A portion of the façade — built in white Istrian stone, from what was part of the Venetian empire when the church was constructed — was daubed in pink, with what looked like an equation scrawled on top of it.
The three-square-meter area sits beneath the statue of St. Francis of Assisi, just to the right of the entrance as you ascend its famous white-stone staircase.
A local who attempted to clean it off is then said to have caused further damage by using water, which helped the color permeate deeper into the porous stone. It is now being tackled at by government-employed art restorers.
It follows the vandalism of another Venice church, Sant’Antonin, which was daubed with graffiti a few days earlier, according to local paper La Nuova.
Meanwhile, another self-styled artist poured bright blue paint over a bridge on Fondamenta dei Garzotti, one of the the main streets into the city from the train station. It appeared to spell out the word “freedom.”

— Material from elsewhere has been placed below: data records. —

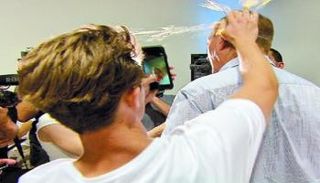 شاب يرشق سناتور أسترالي معادي للإسلام بالبيض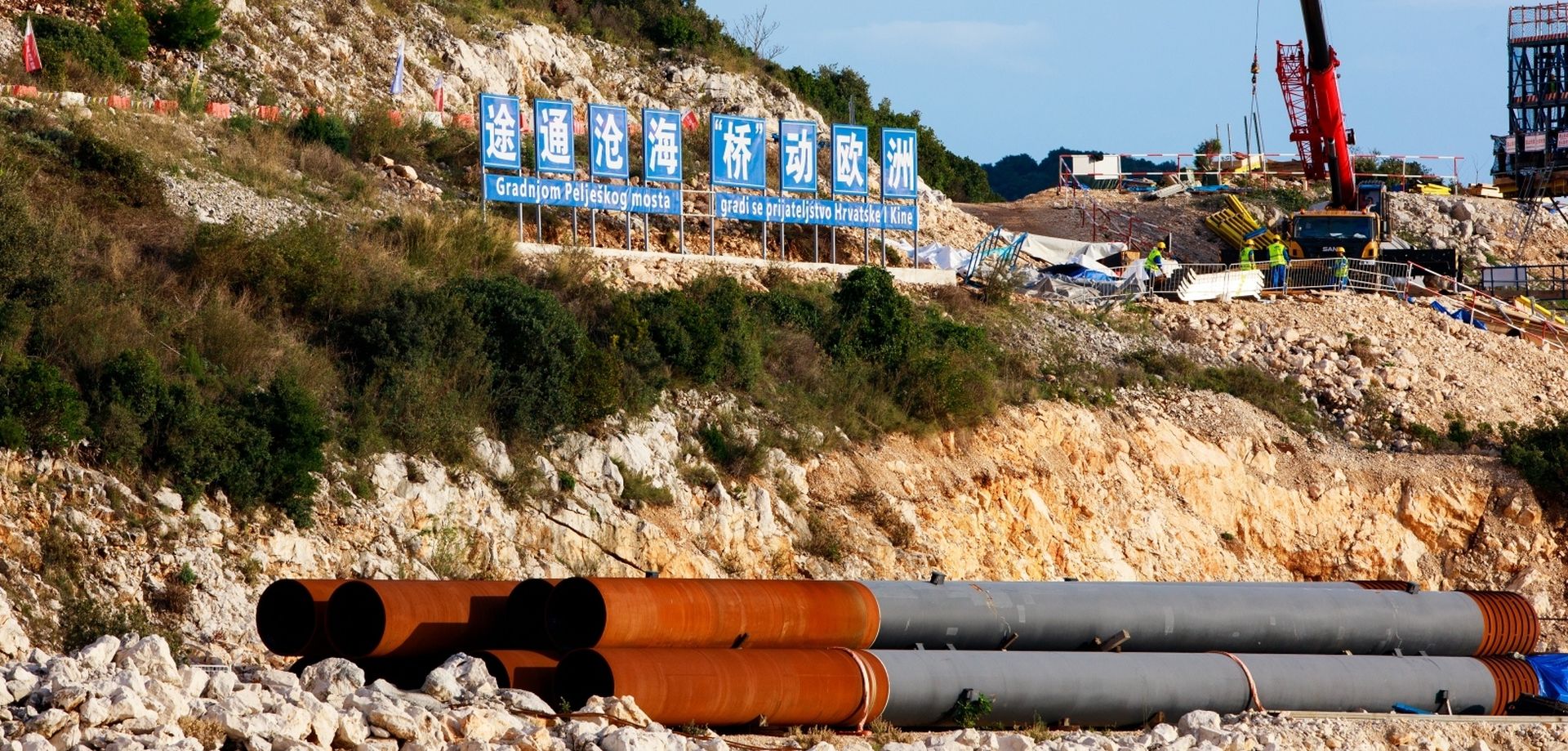 29.11.2019., Neum - Radovi na Peljeskom mostu.
Photo: Milan Sabic/PIXSELL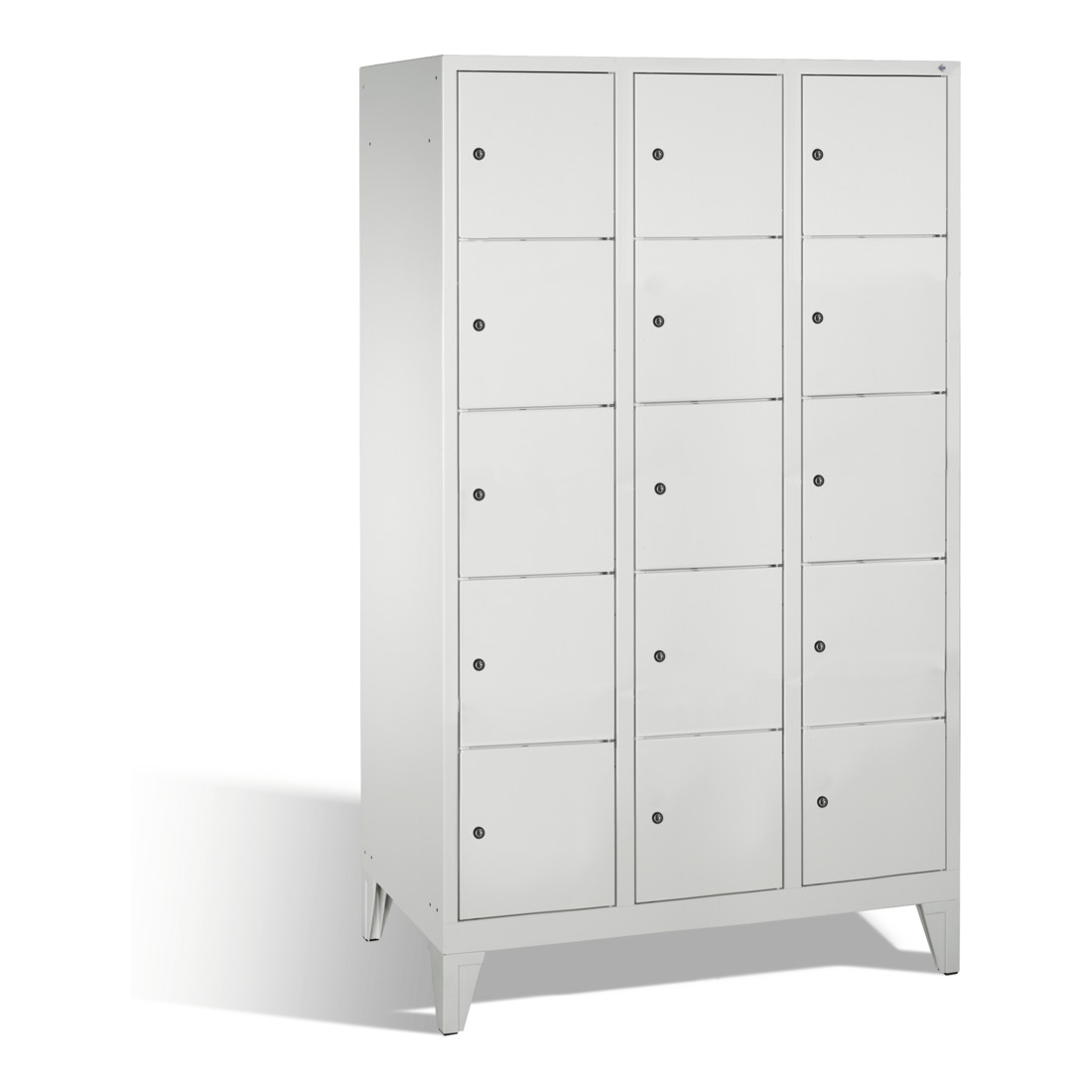 C+P Armoire à casiers Classic sur pieds, 15 casiers, H1850×I1200×P500 mm, façade gris clair, corps gris clair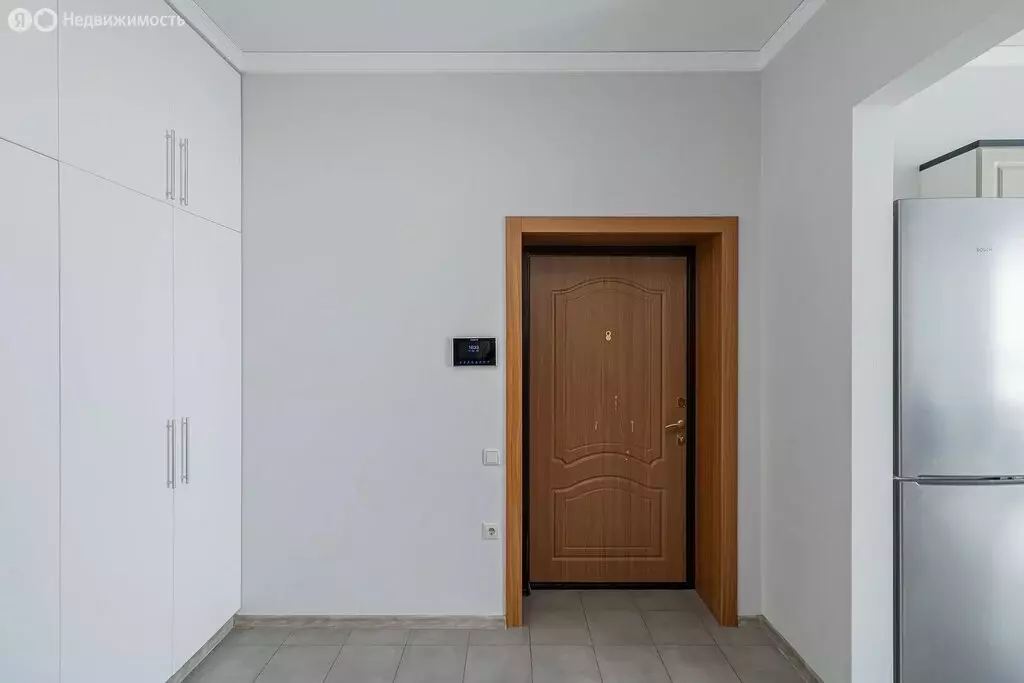 Квартира-студия: Тюмень, улица Короленко, 12 (44.7 м) - Фото 2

And on Thursday night, two American tourists decided to strip off and dive naked into a canal in the residential district of Castello.

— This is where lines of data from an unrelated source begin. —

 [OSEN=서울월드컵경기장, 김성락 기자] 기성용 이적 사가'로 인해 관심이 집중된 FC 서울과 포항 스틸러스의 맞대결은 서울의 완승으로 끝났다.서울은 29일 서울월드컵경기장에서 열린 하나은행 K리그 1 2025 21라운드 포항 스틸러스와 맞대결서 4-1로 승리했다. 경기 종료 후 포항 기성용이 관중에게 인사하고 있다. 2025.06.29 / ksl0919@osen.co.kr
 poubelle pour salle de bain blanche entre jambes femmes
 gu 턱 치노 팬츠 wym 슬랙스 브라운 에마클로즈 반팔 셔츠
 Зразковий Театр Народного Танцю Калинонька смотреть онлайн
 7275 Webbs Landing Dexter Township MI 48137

Shocked locals observed them swimming for around five minutes in the water — into which nearby houses drain their sewage — before toweling down and returning to their Airbnb.
The CCTV cameras dotted around have helped solve some of the issues. Authorities have already tracked down the person responsible for vandalizing the Redentore church, accompanied by two friends.

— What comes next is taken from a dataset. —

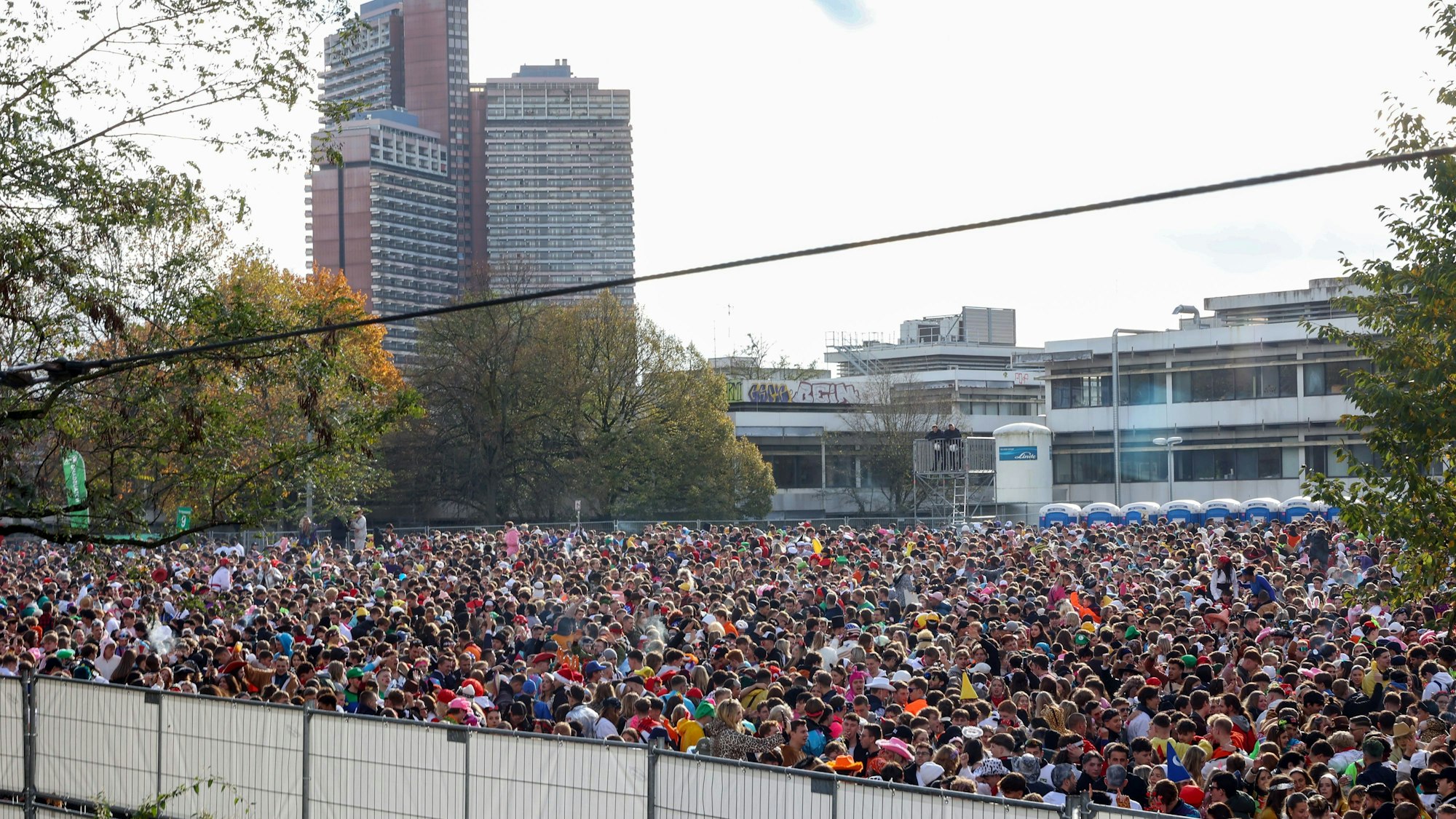 Der Sessionsauftakt auf der Uniwiese am 11.11.2023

They were part of a street art event taking place earlier in the day, according to the city council. The authorities scoured social media to see who might be the culprit, and found one street artist whose signature work is creating equation-style designs.
And police are now looking for CCTV footage of the skinny dippers.
Mayor Luigi Brugnaro called the vandalism a “scar” on the basilica, which he called a “symbolic place of Venetian traditions.”
“Those responsible must not go unpunished, they must pay!” he wrote on Twitter, calling for more powers to be given to justices of the peace.
Tweeting a photo of the damage to the Rio Marin bridge, he added: “It will take hours to restore at a cost we can’t yet calculate. We should keep these barbarians in a cell for at least a couple of nights.”
“Enough of this havoc,” wrote the mayor after another incident — a religious statue being destroyed in Marghera, on the Venice mainland.
“The city must be respected.”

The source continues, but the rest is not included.